Fig. 3.

Bioelectricity encompasses several interrelated phenomena, including $V_{mem}$; ion channel, pump and transporter dynamics; and instructive correlations between downstream signaling regimes including pH and metabolism. This bioelectrical example simulation of Na⁺,K⁺-ATPase pumps, H⁺,K⁺-ATPase pumps, K⁺ and Na⁺ leak channels, and a Na/HCO3⁻ transporter, with bicarbonate buffer and metabolic production equations, is detailed in (A), and was simulated in BETSE. The simulation explored a series of 10 min interventions, each separated by 20 min, including: blocking K⁺ leak channels (i), opening Na⁺ leak channels (ii), blocking Na⁺,K⁺-ATPase pumps (iii), activating H⁺,K⁺-ATPase pumps (iv), and increasing extracellular K⁺ levels (v). $V_{mem}$, intracellular pH, and energy charge of the cell are shown in B, C and D, respectively.

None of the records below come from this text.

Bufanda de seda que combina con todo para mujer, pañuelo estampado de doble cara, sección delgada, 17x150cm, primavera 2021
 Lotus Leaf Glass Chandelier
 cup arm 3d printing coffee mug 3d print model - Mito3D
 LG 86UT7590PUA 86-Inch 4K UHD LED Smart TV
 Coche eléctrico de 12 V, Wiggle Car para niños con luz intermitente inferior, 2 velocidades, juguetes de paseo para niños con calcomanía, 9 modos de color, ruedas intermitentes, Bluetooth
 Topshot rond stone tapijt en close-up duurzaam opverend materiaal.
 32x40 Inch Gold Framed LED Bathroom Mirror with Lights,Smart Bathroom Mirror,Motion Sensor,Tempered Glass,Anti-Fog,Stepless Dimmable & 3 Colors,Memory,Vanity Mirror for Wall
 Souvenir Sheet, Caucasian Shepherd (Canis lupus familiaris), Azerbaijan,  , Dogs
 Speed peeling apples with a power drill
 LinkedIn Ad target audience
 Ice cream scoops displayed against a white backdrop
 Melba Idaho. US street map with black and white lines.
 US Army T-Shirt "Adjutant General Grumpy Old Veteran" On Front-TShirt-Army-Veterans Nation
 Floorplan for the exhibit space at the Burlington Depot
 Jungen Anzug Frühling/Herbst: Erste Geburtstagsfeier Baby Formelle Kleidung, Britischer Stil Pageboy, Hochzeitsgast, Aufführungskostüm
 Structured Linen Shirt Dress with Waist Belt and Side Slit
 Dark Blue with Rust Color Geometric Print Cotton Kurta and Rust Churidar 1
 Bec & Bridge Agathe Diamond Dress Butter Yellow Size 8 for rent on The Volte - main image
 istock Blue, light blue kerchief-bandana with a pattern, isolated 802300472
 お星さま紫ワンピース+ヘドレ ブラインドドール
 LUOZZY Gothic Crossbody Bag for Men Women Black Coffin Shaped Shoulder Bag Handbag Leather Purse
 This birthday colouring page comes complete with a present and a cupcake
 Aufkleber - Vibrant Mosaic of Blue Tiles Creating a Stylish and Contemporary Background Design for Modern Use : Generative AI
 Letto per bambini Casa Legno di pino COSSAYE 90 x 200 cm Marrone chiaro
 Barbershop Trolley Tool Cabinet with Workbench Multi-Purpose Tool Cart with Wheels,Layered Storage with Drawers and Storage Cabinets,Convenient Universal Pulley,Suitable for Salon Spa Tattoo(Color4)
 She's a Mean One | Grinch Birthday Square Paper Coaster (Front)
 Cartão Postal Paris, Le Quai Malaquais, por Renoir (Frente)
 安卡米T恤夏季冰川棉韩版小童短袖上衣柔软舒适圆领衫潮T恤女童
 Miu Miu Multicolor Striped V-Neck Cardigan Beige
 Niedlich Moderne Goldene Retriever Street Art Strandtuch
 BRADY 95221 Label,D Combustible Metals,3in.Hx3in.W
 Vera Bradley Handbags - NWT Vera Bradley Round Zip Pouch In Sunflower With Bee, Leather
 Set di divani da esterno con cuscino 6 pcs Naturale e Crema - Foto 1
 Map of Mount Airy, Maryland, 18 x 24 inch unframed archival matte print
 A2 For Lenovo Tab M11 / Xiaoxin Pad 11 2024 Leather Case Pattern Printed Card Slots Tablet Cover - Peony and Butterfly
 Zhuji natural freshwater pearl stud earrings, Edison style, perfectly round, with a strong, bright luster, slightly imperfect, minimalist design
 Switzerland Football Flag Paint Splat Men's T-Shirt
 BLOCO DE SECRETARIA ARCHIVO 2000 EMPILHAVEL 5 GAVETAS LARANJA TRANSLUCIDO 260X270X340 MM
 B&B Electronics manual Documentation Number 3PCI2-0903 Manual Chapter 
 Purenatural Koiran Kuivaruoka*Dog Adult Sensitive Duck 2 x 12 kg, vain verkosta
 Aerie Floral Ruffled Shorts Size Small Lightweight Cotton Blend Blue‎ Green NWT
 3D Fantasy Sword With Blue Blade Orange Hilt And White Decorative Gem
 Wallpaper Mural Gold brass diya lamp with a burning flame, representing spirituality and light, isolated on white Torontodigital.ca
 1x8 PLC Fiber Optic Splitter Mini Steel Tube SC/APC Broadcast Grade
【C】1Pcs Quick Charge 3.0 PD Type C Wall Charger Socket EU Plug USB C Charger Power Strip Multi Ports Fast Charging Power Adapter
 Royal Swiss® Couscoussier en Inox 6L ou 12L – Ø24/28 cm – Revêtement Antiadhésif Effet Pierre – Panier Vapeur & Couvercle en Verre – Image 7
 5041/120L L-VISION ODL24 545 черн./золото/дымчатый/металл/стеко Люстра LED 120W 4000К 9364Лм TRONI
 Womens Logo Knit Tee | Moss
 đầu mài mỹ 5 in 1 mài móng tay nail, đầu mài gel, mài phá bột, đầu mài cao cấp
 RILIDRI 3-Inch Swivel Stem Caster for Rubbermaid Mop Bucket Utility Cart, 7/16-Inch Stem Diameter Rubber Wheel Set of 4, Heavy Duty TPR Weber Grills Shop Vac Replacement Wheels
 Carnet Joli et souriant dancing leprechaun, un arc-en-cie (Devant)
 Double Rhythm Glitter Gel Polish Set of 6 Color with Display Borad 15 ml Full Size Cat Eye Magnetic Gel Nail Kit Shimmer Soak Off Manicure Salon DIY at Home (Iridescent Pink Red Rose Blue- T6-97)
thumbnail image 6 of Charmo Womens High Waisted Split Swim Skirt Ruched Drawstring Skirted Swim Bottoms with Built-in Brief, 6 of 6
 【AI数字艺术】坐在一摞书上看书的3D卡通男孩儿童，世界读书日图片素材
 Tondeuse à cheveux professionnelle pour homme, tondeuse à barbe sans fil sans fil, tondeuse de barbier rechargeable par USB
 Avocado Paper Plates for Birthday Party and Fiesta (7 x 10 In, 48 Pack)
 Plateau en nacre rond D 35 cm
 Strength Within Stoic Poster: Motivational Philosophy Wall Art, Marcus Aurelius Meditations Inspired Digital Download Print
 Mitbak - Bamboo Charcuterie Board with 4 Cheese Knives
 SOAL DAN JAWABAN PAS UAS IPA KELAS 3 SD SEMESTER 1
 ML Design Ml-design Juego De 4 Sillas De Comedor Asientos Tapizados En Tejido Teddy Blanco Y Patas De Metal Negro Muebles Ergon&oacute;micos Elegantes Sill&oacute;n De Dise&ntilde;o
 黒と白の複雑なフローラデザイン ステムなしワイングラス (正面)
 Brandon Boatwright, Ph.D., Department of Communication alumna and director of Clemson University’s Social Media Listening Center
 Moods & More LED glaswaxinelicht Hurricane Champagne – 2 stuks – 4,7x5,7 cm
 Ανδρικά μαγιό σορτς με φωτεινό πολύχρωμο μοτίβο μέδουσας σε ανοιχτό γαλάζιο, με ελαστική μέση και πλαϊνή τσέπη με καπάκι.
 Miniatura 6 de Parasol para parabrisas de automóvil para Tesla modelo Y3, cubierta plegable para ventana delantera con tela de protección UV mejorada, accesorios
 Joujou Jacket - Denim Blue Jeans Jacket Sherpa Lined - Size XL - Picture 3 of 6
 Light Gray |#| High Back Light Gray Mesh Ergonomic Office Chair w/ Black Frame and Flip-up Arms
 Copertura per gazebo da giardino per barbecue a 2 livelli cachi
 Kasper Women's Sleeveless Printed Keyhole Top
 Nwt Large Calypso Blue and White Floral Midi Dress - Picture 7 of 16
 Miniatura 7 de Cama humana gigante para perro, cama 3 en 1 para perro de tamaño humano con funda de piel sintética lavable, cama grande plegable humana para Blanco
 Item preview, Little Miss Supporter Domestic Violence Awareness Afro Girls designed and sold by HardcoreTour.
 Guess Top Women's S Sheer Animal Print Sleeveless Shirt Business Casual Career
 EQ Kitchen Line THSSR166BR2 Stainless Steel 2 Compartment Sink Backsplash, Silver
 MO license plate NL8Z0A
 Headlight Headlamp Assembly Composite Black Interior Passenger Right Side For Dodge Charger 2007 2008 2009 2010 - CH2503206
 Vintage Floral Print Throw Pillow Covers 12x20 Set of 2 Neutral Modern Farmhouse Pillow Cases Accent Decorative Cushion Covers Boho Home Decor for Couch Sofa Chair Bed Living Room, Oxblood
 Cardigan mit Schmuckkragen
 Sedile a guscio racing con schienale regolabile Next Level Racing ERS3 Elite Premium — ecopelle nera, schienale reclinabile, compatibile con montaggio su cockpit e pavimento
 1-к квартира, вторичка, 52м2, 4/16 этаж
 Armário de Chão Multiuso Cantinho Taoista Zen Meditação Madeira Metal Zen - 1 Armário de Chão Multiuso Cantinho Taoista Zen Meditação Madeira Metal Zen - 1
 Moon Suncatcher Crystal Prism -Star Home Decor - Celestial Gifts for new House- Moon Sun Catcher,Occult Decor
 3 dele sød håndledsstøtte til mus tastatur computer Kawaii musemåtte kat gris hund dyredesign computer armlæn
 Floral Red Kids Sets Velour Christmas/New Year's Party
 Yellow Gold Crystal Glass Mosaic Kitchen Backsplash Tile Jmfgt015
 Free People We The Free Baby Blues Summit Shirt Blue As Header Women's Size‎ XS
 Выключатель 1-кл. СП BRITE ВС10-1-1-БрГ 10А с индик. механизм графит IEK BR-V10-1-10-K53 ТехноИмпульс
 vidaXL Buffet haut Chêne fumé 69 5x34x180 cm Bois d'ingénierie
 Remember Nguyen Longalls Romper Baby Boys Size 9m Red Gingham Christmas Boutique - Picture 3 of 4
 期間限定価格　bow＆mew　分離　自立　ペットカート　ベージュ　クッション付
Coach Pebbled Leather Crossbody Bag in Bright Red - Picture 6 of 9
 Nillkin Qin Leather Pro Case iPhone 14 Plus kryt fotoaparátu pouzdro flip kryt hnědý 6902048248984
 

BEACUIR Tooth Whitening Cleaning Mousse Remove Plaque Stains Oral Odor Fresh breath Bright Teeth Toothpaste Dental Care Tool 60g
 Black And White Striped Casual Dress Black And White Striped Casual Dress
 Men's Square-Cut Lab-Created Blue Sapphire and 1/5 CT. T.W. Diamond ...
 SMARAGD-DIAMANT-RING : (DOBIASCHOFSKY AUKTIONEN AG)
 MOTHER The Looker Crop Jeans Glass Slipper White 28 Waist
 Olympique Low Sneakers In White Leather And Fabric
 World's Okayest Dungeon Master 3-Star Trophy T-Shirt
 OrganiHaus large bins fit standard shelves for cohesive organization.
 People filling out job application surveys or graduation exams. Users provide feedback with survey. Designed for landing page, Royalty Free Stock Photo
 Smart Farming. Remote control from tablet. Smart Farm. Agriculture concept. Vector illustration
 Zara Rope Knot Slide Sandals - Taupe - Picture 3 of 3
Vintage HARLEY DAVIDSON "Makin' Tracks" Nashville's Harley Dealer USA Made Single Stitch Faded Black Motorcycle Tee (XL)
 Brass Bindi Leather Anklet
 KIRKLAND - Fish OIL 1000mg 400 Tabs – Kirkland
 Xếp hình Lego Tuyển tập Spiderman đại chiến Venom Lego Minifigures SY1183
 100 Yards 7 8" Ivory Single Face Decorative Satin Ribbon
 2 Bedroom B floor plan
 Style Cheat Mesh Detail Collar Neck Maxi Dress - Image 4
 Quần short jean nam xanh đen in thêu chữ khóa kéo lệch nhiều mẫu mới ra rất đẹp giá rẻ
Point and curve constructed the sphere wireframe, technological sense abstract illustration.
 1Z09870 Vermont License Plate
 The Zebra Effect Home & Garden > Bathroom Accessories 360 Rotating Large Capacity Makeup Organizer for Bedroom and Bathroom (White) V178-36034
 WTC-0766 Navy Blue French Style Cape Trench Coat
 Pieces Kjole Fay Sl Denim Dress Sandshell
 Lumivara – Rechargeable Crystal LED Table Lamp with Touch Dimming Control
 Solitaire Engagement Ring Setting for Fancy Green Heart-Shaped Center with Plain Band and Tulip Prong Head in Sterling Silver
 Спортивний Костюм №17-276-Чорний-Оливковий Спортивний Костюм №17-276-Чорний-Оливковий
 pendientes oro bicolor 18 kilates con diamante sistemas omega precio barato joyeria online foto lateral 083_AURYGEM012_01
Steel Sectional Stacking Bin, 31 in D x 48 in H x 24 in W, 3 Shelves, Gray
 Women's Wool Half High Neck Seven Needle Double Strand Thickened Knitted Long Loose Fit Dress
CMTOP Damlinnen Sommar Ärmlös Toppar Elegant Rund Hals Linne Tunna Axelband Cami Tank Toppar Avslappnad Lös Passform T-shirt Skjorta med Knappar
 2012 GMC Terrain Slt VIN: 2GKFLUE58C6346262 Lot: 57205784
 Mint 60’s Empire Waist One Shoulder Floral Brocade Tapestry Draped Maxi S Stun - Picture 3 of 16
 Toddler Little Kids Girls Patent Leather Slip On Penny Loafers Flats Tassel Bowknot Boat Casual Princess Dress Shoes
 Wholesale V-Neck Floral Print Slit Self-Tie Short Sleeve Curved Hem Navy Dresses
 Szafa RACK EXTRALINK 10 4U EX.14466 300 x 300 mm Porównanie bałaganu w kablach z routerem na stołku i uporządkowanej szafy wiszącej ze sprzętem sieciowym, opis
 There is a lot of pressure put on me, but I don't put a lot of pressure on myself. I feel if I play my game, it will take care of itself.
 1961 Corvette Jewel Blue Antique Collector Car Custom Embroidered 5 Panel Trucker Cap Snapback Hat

Blocking K⁺ leak channels depolarizes $V_{mem}$, and leads to an increase in both cytosolic pH and the energy charge of the cell (i). Opening Na⁺ leak channels also depolarizes $V_{mem}$, but leads to significant drops in cell pH and energy charge (ii). Blocking the Na⁺,K⁺-ATPase pump leads to slight $V_{mem}$ depolarization and significant increases in cell pH and energy charge (iii). Activating an H⁺,K⁺-ATPase has minimal effect on $V_{mem}$, but significantly increases cell pH and decreases energy charge (iv). Increasing extracellular K⁺ depolarizes $V_{mem}$ (v). Note that the molecular perspective of bioelectricity provides an accurate estimation of $V_{mem}$ ($V_{mem}$ BETSE and $V_{mem}$ Goldman series of B), while managing interventions that alter ion reversal potentials (B).